*** EXCERPTED RECORDS ***

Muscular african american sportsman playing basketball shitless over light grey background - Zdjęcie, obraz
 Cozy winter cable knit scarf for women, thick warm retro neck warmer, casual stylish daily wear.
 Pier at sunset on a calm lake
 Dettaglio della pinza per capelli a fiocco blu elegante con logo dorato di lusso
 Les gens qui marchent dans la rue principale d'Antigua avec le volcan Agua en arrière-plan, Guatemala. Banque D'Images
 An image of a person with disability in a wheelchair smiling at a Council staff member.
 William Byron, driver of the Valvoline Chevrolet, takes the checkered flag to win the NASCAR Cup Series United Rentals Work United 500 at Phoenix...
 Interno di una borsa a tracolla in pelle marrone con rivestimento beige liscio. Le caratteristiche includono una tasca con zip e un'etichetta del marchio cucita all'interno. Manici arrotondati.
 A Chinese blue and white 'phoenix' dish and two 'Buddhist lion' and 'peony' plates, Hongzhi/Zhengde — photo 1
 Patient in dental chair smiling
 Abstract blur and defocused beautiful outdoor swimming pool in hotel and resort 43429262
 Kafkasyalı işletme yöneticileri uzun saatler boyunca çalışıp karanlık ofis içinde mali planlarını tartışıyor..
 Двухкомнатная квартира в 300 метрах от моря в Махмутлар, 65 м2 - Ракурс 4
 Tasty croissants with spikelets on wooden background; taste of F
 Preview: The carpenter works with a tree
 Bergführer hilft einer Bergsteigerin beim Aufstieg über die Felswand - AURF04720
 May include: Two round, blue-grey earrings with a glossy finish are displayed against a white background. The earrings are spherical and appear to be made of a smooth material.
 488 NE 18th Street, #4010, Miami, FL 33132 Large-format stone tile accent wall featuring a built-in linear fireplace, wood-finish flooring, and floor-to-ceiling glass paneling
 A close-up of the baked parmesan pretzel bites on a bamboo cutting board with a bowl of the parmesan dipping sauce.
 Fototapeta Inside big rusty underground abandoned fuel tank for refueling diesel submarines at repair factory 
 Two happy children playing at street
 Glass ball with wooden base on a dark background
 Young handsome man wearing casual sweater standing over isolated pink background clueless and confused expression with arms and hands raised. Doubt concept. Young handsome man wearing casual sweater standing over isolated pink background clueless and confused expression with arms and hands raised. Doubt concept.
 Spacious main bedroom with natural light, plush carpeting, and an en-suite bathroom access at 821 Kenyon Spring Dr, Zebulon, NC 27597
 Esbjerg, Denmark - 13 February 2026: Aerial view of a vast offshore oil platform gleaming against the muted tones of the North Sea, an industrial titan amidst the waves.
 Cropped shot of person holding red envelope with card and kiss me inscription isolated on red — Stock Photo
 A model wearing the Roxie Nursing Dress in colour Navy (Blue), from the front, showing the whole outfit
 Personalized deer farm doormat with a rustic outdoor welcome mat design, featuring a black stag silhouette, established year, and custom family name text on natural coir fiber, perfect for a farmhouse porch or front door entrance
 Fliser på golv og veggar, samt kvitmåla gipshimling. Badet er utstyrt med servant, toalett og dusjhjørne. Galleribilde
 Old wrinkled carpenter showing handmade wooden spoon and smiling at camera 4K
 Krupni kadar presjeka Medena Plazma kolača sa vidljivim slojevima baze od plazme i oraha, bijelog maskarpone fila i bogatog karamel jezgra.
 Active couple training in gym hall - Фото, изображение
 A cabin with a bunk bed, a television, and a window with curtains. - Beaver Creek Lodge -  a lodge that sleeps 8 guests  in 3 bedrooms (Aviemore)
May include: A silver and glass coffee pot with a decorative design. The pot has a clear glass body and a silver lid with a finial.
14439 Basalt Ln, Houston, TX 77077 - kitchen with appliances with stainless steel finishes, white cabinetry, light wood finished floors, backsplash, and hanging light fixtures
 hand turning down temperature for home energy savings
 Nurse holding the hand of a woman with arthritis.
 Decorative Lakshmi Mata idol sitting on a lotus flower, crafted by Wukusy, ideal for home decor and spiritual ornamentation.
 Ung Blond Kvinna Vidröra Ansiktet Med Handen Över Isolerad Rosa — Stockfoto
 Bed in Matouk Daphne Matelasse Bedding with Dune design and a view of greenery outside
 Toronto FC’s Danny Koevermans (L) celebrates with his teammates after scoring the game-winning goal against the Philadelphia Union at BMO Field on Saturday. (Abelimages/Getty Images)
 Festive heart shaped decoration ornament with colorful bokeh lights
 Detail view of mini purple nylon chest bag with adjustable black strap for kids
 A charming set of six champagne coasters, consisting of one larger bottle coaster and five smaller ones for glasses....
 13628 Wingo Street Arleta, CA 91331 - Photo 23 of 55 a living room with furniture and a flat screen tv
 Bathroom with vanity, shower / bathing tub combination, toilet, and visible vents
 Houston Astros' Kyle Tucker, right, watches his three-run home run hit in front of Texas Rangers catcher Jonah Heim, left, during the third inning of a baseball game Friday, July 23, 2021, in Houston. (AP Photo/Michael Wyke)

*** End of EXCERPTED RECORDS ***

REQUIRED WORK.
In this exercise, the data above is to be printed exactly.

SOLUTION TO THIS PROBLEM.
Muscular african american sportsman playing basketball shitless over light grey background - Zdjęcie, obraz
 Cozy winter cable knit scarf for women, thick warm retro neck warmer, casual stylish daily wear.
 Pier at sunset on a calm lake
 Dettaglio della pinza per capelli a fiocco blu elegante con logo dorato di lusso
 Les gens qui marchent dans la rue principale d'Antigua avec le volcan Agua en arrière-plan, Guatemala. Banque D'Images
 An image of a person with disability in a wheelchair smiling at a Council staff member.
 William Byron, driver of the Valvoline Chevrolet, takes the checkered flag to win the NASCAR Cup Series United Rentals Work United 500 at Phoenix...
 Interno di una borsa a tracolla in pelle marrone con rivestimento beige liscio. Le caratteristiche includono una tasca con zip e un'etichetta del marchio cucita all'interno. Manici arrotondati.
 A Chinese blue and white 'phoenix' dish and two 'Buddhist lion' and 'peony' plates, Hongzhi/Zhengde — photo 1
 Patient in dental chair smiling
 Abstract blur and defocused beautiful outdoor swimming pool in hotel and resort 43429262
 Kafkasyalı işletme yöneticileri uzun saatler boyunca çalışıp karanlık ofis içinde mali planlarını tartışıyor..
 Двухкомнатная квартира в 300 метрах от моря в Махмутлар, 65 м2 - Ракурс 4
 Tasty croissants with spikelets on wooden background; taste of F
 Preview: The carpenter works with a tree
 Bergführer hilft einer Bergsteigerin beim Aufstieg über die Felswand - AURF04720
 May include: Two round, blue-grey earrings with a glossy finish are displayed against a white background. The earrings are spherical and appear to be made of a smooth material.
 488 NE 18th Street, #4010, Miami, FL 33132 Large-format stone tile accent wall featuring a built-in linear fireplace, wood-finish flooring, and floor-to-ceiling glass paneling
 A close-up of the baked parmesan pretzel bites on a bamboo cutting board with a bowl of the parmesan dipping sauce.
 Fototapeta Inside big rusty underground abandoned fuel tank for refueling diesel submarines at repair factory 
 Two happy children playing at street
 Glass ball with wooden base on a dark background
 Young handsome man wearing casual sweater standing over isolated pink background clueless and confused expression with arms and hands raised. Doubt concept. Young handsome man wearing casual sweater standing over isolated pink background clueless and confused expression with arms and hands raised. Doubt concept.
 Spacious main bedroom with natural light, plush carpeting, and an en-suite bathroom access at 821 Kenyon Spring Dr, Zebulon, NC 27597
 Esbjerg, Denmark - 13 February 2026: Aerial view of a vast offshore oil platform gleaming against the muted tones of the North Sea, an industrial titan amidst the waves.
 Cropped shot of person holding red envelope with card and kiss me inscription isolated on red — Stock Photo
 A model wearing the Roxie Nursing Dress in colour Navy (Blue), from the front, showing the whole outfit
 Personalized deer farm doormat with a rustic outdoor welcome mat design, featuring a black stag silhouette, established year, and custom family name text on natural coir fiber, perfect for a farmhouse porch or front door entrance
 Fliser på golv og veggar, samt kvitmåla gipshimling. Badet er utstyrt med servant, toalett og dusjhjørne. Galleribilde
 Old wrinkled carpenter showing handmade wooden spoon and smiling at camera 4K
 Krupni kadar presjeka Medena Plazma kolača sa vidljivim slojevima baze od plazme i oraha, bijelog maskarpone fila i bogatog karamel jezgra.
 Active couple training in gym hall - Фото, изображение
 A cabin with a bunk bed, a television, and a window with curtains. - Beaver Creek Lodge -  a lodge that sleeps 8 guests  in 3 bedrooms (Aviemore)
May include: A silver and glass coffee pot with a decorative design. The pot has a clear glass body and a silver lid with a finial.
14439 Basalt Ln, Houston, TX 77077 - kitchen with appliances with stainless steel finishes, white cabinetry, light wood finished floors, backsplash, and hanging light fixtures
 hand turning down temperature for home energy savings
 Nurse holding the hand of a woman with arthritis.
 Decorative Lakshmi Mata idol sitting on a lotus flower, crafted by Wukusy, ideal for home decor and spiritual ornamentation.
 Ung Blond Kvinna Vidröra Ansiktet Med Handen Över Isolerad Rosa — Stockfoto
 Bed in Matouk Daphne Matelasse Bedding with Dune design and a view of greenery outside
 Toronto FC’s Danny Koevermans (L) celebrates with his teammates after scoring the game-winning goal against the Philadelphia Union at BMO Field on Saturday. (Abelimages/Getty Images)
 Festive heart shaped decoration ornament with colorful bokeh lights
 Detail view of mini purple nylon chest bag with adjustable black strap for kids
 A charming set of six champagne coasters, consisting of one larger bottle coaster and five smaller ones for glasses....
 13628 Wingo Street Arleta, CA 91331 - Photo 23 of 55 a living room with furniture and a flat screen tv
 Bathroom with vanity, shower / bathing tub combination, toilet, and visible vents
 Houston Astros' Kyle Tucker, right, watches his three-run home run hit in front of Texas Rangers catcher Jonah Heim, left, during the third inning of a baseball game Friday, July 23, 2021, in Houston. (AP Photo/Michael Wyke)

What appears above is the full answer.